(Task instructions): A faithful copy is needed of the lines below from the one with "Cafetera Moka Express" up to and including the one with "Ambulance with blue"; set it down with no pictures and no other lines.

(Information given):
◆ ◆ ◆ ◆
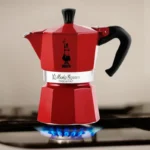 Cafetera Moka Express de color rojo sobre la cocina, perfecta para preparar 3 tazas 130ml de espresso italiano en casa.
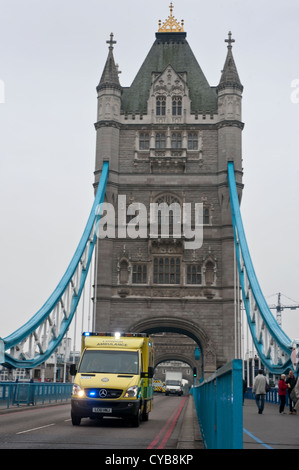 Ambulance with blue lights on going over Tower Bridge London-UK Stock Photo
◆ ◆ ◆ ◆
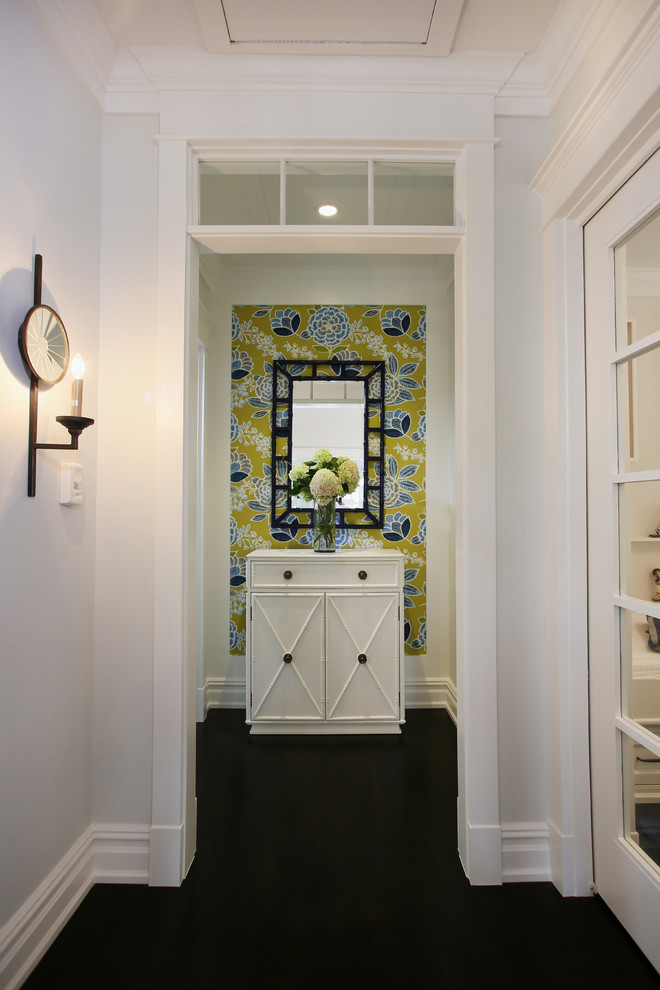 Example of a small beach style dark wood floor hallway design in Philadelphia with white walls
◆ ◆ ◆ ◆
(Answer space):
 Cafetera Moka Express de color rojo sobre la cocina, perfecta para preparar 3 tazas 130ml de espresso italiano en casa.
 Ambulance with blue lights on going over Tower Bridge London-UK Stock Photo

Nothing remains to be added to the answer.